Enumerators are a powerful Ruby feature. Did you know that you can create custom enumerators with custom logic? Today, I will tell you how we fixed a production problem with a custom enumerator.
Problem
We had a method like the following:
def customer_property_ids
sql = "SELECT DISTINCT PropertyId from AddressMatch"
client.execute(sql).map { _1["PropertyId"] }
end
It runs a Microsoft SQL Server query that returns an array of property
IDs.
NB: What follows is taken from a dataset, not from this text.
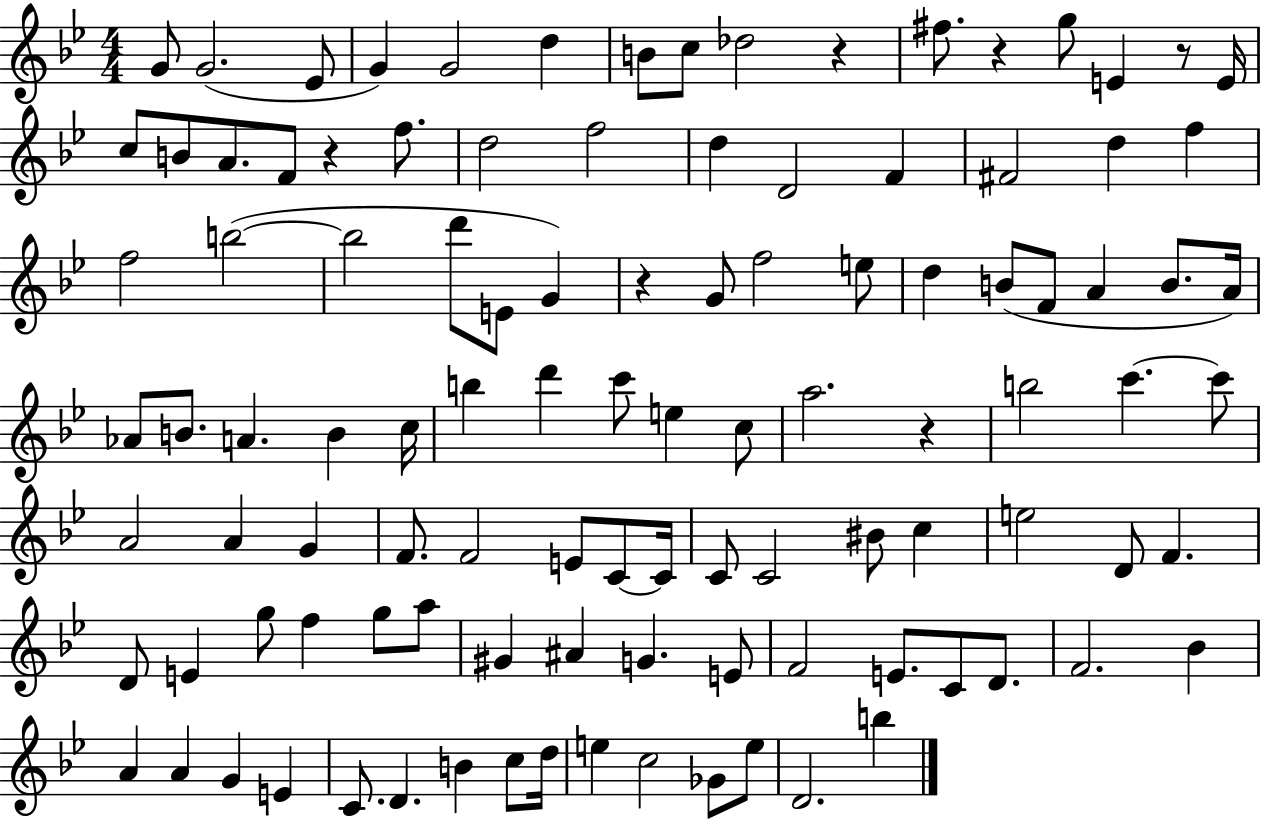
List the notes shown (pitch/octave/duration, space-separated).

G4/e G4/h. Eb4/e G4/q G4/h D5/q B4/e C5/e Db5/h R/q F#5/e. R/q G5/e E4/q R/e E4/s C5/e B4/e A4/e. F4/e R/q F5/e. D5/h F5/h D5/q D4/h F4/q F#4/h D5/q F5/q F5/h B5/h B5/h D6/e E4/e G4/q R/q G4/e F5/h E5/e D5/q B4/e F4/e A4/q B4/e. A4/s Ab4/e B4/e. A4/q. B4/q C5/s B5/q D6/q C6/e E5/q C5/e A5/h. R/q B5/h C6/q. C6/e A4/h A4/q G4/q F4/e. F4/h E4/e C4/e C4/s C4/e C4/h BIS4/e C5/q E5/h D4/e F4/q. D4/e E4/q G5/e F5/q G5/e A5/e G#4/q A#4/q G4/q. E4/e F4/h E4/e. C4/e D4/e. F4/h. Bb4/q A4/q A4/q G4/q E4/q C4/e. D4/q. B4/q C5/e D5/s E5/q C5/h Gb4/e E5/e D4/h. B5/q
In Ruby, arrays implement the Enumerable interface by default,
so we can use the rich assortment of Enumerable
methods to iterate
over them.
Other methods from the same class relied on the array returned by
customer_property_ids
; we had three occurrences of the following
call throughout the class:
customer_property_ids.each_slice(BATCH_SIZE) do |batch_ids|
# ...
end
We were able to pinpoint the cause of the crash: the SQL Server query returned more than 5 million property IDs, which made the Ruby process core dump due to memory exhaustion.
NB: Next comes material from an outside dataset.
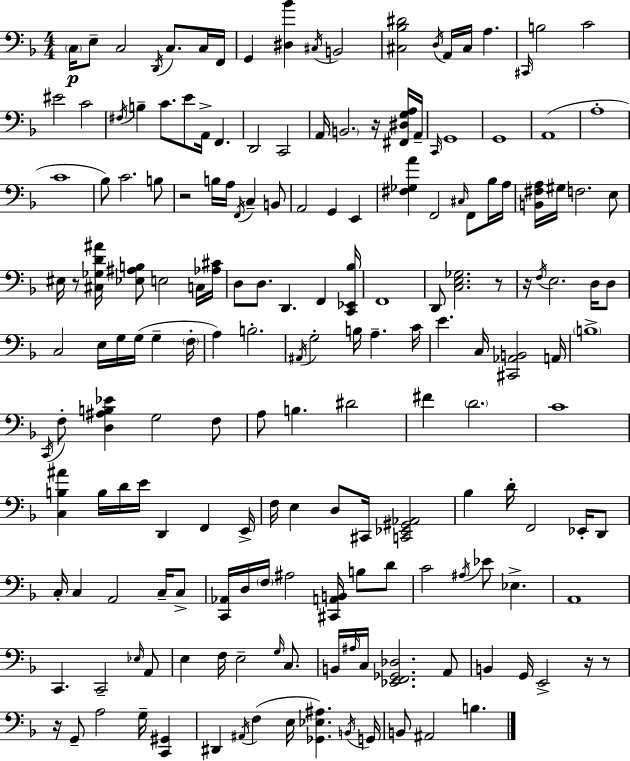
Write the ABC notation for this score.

We needed to push a quick fix to production to get the application back up while limiting the scope of the changes for maximum safety. Getting back to business was a matter of the utmost urgency. What to do?
Solution
We would avoid the core dump if we kept fewer IDs in memory at a time, and that’s where our custom enumerator comes in. The first thing we did was figure out how to paginate a query in SQL Server. Here’s how we do it:
SELECT DISTINCT PropertyId
FROM AddressMatch
ORDER BY PropertyId ASC
OFFSET 0 ROWS FETCH FIRST 100000 ROWS ONLY
This query retrieves the first 100,000 IDs. We can interpolate an
OFFSET
and FETCH FIRST
into the SQL string to get the subsequent
pages.
Finally, we limited the changes to a single spot: the
customer_property_ids
method. Putting everything together, the
enumerator code looked as follows:
def customer_property_ids
Enumerator.new do |yielder|
limit = 100_000
offset = 0
loop do
sql = <<~SQL
SELECT DISTINCT PropertyId
FROM AddressMatch
ORDER BY PropertyId ASC
OFFSET #{offset} ROWS FETCH FIRST #{limit} ROWS ONLY
SQL
ids = client.execute(sql)
.map { |row| yielder << row["PropertyId"] }
break if ids.none?
offset += limit
end
end
end
In the enumerator, we manage a limit
and an offset
and execute the
query within a loop until it returns an empty result. Each time the
query returns the results for a page, we give the property IDs to the
yielder
.
With that scoped change, we avoided further changes to the methods
that called customer_property_ids.each_slice
. We built our own
custom enumerator that paginates the query results and avoids memory
bloat! However, pagination is an internal detail encapsulated by the
enumerator.
Explanation
Let’s explain the solution from a mental model perspective, which doesn’t necessarily correspond to the internal Ruby implementation details.
The magic of enumerators is that they use Fibers underneath, so in
our example, whenever we shove a value into the yielder
, it pauses
execution and returns control to the each_slice
method. If
each_slice
does not have enough values to work with, it resumes the
execution and asks for more. Here’s a brief example:
enum = Enumerator.new do |yielder|
puts "Starting the custom enumerator..."
[1, 2].each do |n|
puts "Giving #{n} to the yielder"
yielder << n
end
puts "each_slice is still asking for more values..."
[3, 4].each do |n|
puts "Giving #{n} to the yielder"
yielder << n
end
end
enum.each_slice(3) do |slice|
puts "We have enough, let's take a slice: #{slice}"
end
And the output:
Starting the custom enumerator...
Giving 1 to the yielder...
Giving 2 to the yielder...
each_slice is still asking for more values...
Giving 3 to the yielder
We have enough, let's take a slice: [1, 2, 3]
Giving 4 to the yielder
We have enough, let's take a slice: [4]
Back to the customer_property_ids
enumerator, that continuous
context switching guarantees that the values are processed as the
yielder gets fed with them, which allows the garbage collector to
discard the results already used. Compare that to eager loading all
the 5 million IDs in memory!
While working on that fix, we discovered that the code was not optimal and could benefit from other refactors to make it scale better, but that simple change quickly put our client back in business.